Ladies and Gentlemen:

               We have acted as special counsel to Aetna Life and Casualty
Company, a Connecticut insurance corporation ("Aetna") and Aetna Capital
L.L.C., a Delaware limited liability company (the "Company"), in connection
with the preparation of the Registration Statement on Form S-3 (Registration
Nos. 33-52819 and 33-52819-01) (the "Registration Statement") filed with the
Securities and Exchange Commission under the Securities Act of 1933, as
amended (the "Securities Act"), with respect to the contemplated issuance by
the Company from time to time of up to $500,000,000 aggregate public offering
price of preferred limited liability company interests (the "Preferred
Securities").  Concurrently with the issuance of each series of Preferred
Securities, the Company will loan the proceeds from the issuance thereof and
of the related issuance of common limited liability company interests in the
Company and related capital contributions to Aetna and to evidence such loans
Aetna will issue and deliver to the Company a series of Aetna's subordinated
debentures (the "Debentures"), issued pursuant to a Subordinated Indenture
between Aetna and The First National Bank of Chicago, as trustee (as amended
or supplemented, the "Indenture"), with terms corresponding to the terms of
the related series of Preferred Securities.  The payment of dividends declared
by the Company, to the extent the Company has cash on hand legally available
therefor, and payments on liquidation or redemption with respect to the
Preferred Securities are guaranteed (the "Guarantee") by Aetna to the extent
set forth in the Registration Statement.

               We have examined originals or copies, certified or otherwise
identified to our satisfaction, of such documents, corporate records,
certificates of public officials and other instruments as we have deemed
necessary for the purpose of rendering this opinion.

               On the basis of the foregoing, we are of the opinion that:

               (1)   When (i) the Registration Statement has become effective
under the Securities Act, (ii) the Indenture has been duly executed and
delivered, (iii) the terms of the Debentures and of their issuance and sale
have been duly established in conformity with the Indenture so as not to
violate any applicable law or result in a default under or breach of any
agreement or instrument binding upon Aetna and so as to comply with any
requirement or restriction imposed by any court or governmental or regulatory
body having jurisdiction over the Company and (iv) the Debentures have been
duly executed and authenticated in accordance with the Indenture and duly
issued and sold as contemplated by the Registration Statement and any
prospectus supplement relating thereto, the Debentures will constitute valid
and legally binding obligations of Aetna enforceable in accordance with their
terms, subject to (a) bankruptcy, insolvency, reorganization, fraudulent
transfer, moratorium and other similar laws now or hereafter in effect relating
to or affecting creditors' rights generally and the rights of creditors of
insurance companies generally, and (b) general principles of equity
(regardless of whether considered in a proceeding at law or in equity).

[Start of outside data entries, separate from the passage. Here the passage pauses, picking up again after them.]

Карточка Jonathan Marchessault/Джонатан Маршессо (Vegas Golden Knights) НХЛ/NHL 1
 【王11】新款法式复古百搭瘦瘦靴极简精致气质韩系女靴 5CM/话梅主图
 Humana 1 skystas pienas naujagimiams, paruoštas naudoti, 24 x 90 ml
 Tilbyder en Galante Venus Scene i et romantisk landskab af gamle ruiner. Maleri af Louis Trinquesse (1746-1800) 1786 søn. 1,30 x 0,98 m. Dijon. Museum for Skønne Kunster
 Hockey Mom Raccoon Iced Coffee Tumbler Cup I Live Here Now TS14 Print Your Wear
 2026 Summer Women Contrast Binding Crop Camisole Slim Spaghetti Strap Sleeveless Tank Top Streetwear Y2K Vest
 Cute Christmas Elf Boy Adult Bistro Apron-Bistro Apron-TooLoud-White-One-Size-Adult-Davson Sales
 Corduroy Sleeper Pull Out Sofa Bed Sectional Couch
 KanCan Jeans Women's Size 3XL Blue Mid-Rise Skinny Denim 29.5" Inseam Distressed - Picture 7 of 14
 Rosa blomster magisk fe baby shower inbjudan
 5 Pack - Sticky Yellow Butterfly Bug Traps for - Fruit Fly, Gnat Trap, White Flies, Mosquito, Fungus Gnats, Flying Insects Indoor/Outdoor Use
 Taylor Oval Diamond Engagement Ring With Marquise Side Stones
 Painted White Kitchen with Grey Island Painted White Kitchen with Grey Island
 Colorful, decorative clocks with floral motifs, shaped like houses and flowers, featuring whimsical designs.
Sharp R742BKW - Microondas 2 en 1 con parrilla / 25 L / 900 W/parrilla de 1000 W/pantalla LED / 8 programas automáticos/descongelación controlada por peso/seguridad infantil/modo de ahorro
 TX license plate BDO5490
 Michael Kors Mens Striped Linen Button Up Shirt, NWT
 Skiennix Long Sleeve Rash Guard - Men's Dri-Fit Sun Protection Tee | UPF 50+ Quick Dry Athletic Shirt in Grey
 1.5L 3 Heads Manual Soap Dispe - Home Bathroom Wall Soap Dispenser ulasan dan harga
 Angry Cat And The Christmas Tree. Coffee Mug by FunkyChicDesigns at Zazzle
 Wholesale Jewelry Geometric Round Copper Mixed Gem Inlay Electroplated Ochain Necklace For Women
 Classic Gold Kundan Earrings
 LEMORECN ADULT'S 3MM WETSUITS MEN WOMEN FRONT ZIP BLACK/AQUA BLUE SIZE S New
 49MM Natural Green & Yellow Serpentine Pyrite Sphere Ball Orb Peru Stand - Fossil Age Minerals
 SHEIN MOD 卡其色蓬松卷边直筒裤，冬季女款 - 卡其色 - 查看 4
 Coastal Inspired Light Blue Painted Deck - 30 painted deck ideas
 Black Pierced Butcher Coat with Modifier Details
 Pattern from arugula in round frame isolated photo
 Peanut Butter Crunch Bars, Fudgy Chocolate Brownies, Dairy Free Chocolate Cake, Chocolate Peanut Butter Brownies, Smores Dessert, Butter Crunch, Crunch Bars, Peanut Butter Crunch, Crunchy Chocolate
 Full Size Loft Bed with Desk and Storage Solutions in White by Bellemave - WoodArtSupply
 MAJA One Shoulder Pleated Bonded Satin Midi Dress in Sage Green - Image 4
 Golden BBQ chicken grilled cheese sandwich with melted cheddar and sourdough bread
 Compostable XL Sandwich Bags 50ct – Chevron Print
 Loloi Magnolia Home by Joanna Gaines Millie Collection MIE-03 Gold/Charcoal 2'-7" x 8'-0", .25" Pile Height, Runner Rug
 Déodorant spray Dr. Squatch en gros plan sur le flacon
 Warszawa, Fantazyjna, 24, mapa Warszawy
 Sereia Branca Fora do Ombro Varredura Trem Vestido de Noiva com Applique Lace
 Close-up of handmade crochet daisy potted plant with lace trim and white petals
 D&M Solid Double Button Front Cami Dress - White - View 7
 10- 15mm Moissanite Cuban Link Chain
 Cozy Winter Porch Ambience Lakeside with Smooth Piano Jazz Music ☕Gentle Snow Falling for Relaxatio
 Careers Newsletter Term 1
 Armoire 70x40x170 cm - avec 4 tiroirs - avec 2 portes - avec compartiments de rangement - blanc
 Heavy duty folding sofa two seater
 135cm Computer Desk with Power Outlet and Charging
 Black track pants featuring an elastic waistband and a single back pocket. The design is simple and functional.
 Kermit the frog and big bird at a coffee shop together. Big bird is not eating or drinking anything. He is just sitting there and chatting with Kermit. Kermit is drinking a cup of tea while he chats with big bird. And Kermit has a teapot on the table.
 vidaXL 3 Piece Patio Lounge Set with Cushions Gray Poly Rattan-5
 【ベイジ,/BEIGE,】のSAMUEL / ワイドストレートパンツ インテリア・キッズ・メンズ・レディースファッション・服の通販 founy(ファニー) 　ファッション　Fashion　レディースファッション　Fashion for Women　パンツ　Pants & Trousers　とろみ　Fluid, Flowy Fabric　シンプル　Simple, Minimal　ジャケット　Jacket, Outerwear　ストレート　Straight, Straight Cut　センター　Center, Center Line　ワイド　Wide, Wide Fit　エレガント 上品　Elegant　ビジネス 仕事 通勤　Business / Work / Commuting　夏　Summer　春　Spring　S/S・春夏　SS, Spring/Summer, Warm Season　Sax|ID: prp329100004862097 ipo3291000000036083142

               (2)   When (i) the Registration Statement has become effective
under the Securities Act, (ii) the terms of the Preferred Securities and of
their issuance and sale have been duly established in a written action (the
"Action") in conformity with the Amended and Restated Limited Liability
Company Agreement of the Company (the "LLC Agreement") so as not to violate
any applicable law, the requirements of the LLC Agreement or result in a
default under or breach of any agreement or instrument binding upon the
Company and so as to comply with any requirement or restriction imposed by any
court or governmental or regulatory body having jurisdiction over the Company,
(iii) the LLC Agreement and the Action have been duly executed and delivered,
(iv) each holder of a Preferred Security (a "Preferred Member") acquires such
Preferred Security and pays for such Preferred Security acquired by it, in
accordance with the LLC Agreement and the Registration Statement, (v) the
books and records of the Company set forth the names and addresses of all
persons to be admitted as members of the Company, their contributions to the
Company and the agreed value of the contributions of each member of the
Company and (vi) the Preferred Securities are issued and sold to the Preferred
Members in accordance with the Registration Statement and the LLC Agreement,
the Preferred Securities will be validly issued and will be fully paid and
non-assessable limited liability company interests in the Company, as to which
the Preferred Members will have no liability solely by reason of being
Preferred Members in excess of their obligations to make payments provided for
in the LLC Agreement and their share of the Company's assets and undistributed
profits (subject to the obligation of a Preferred Member to repay any funds
wrongfully distributed to it).

               (3)   When (i) the Registration Statement has become effective
under the Securities Act, (ii) the Guarantee has been duly executed and
delivered by Aetna, (iii) the Guarantee Agreement as so executed and delivered
does not violate any applicable law or result in a default under or breach of
any agreement or instrument binding upon Aetna and complies with any
requirement or restriction imposed by any court or governmental body having
jurisdiction over Aetna and (iv) the Preferred Securities entitled to the
benefits of the Guarantee Agreement have been duly issued and sold as
contemplated by the Registration Statement and any prospectus supplement
relating thereto, the Guarantee will constitute a valid and legally binding
agreement of Aetna, subject to (1) bankruptcy, insolvency, reorganization,
fraudulent transfer, moratorium and other laws now or hereafter in effect
relating to or affecting creditors' rights generally and the rights of
creditors of insurance companies generally and (2) general principles of
equity (regardless of whether considered in a proceeding at law or in equity).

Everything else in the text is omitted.